Multiplicity of Interpretative Issues

There are a plethora of interpretative issues in verse 12.  As has been demonstrated, scholars in both the complementarian and egalitarian camps hold varying views. Below is a list (not exhaustive) of interpretative issues in verse 12:

  • The switch from “women” plural in verses 9 to 10 to “a woman” singular in verses 11 and 12
  • Whether to translate the Greek word gynē as “woman” or “wife,” and if “wife,” to correspondingly translate anēr as “husband”
  • The possibility that Paul had a limited audience, or time, in mind from his use of the present tense for the verb “to permit” or “to allow” (in the sense of “I am not allowing” versus “the Lord says”)
  • The meaning of didaskein for “teach”
  • The relationship between “teach” and “have authority” as connected by the Greek word oude—that is, are two actions prohibited, “teaching” and “having authority,” or is one action prohibited, “teaching with (a certain type of) authority”
  • The rare use (used only once in the New Testament) of the Greek word authentein—what is the nature of this word used for authority, is it a positive or negative exercise of authority, and why did Paul use the Greek word authentein rather exousia, the usual word for authority and one he used elsewhere in the biblical text?

Conclusion

Is 1 Timothy 2:12 a clear or obscure text? And, what are the implications of its application in the church? Peter understood the difficulty of deciphering certain biblical passages. He writes, “Some things in these letters are hard to understand, things the ignorant and unstable twist to their own destruction, as they also do to the rest of the scriptures” (2 Peter 3:16). One must look to the clear teaching in biblical passages and not to the obscure or difficult passage—search the whole of Scripture for clarifying unity and harmony—especially when determining prescriptive practices.

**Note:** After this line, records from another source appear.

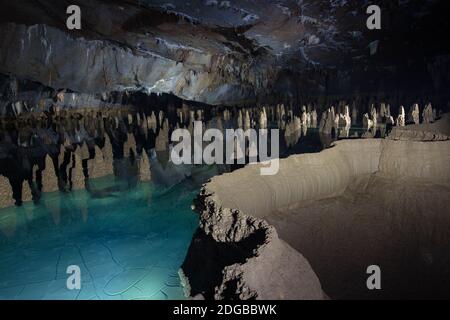 Son Doong Cave - Vietnam Stockfoto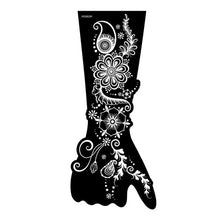 Load image into Gallery viewer, Womens Rose Tattoo Temporary Waterproof Body Tattoos Luxury Flower Design Modern Sticker
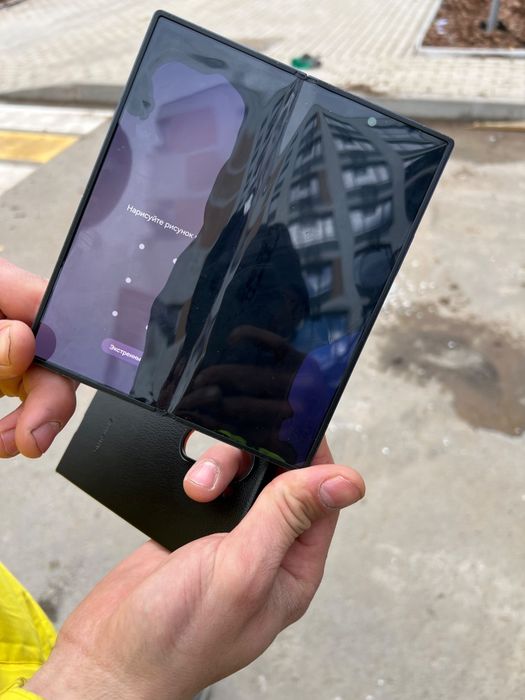 Обмен Samsung Z fold 6 5G 12/512 Акб 91%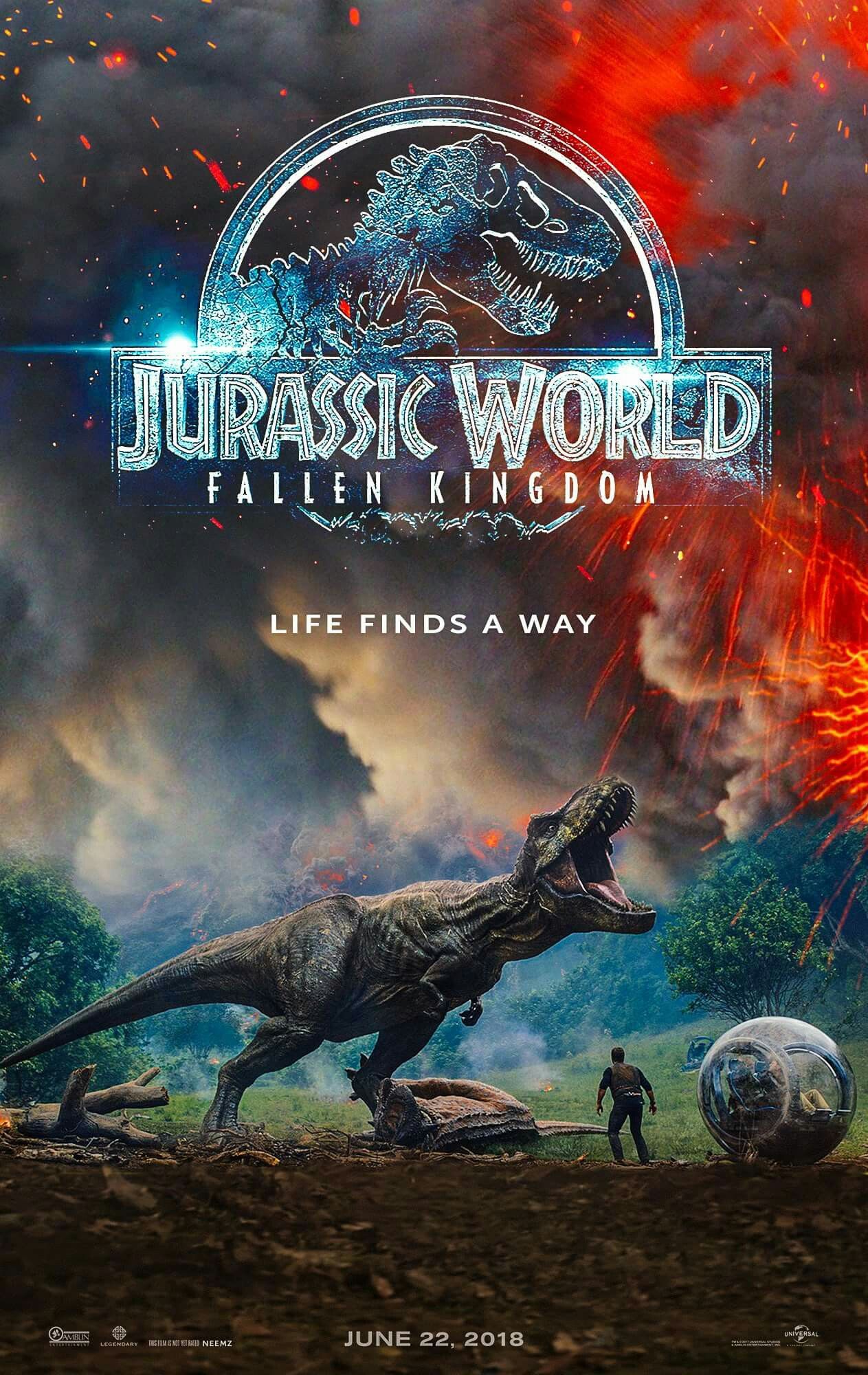 Jurassic World 2 : Fallen Kingdom / Джурасик свят 2 : Рухналото кралство (2018)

An examination of the sheer volume of scholarly words generated and polar-opposite conclusions drawn from the dissection of 1 Timothy 2:12 gives one pause before declaring it a clear text from which to prescribe limits on the teaching ministry of women.


[1] Sandra L. Glahn, “The First-Century Ephesian Artemis: Ramifications of Her Identity,” Bibliotheca Sacra 172 (October–December 2015), 450–69.

[2] Glahn, “The First-Century Ephesian,” 455.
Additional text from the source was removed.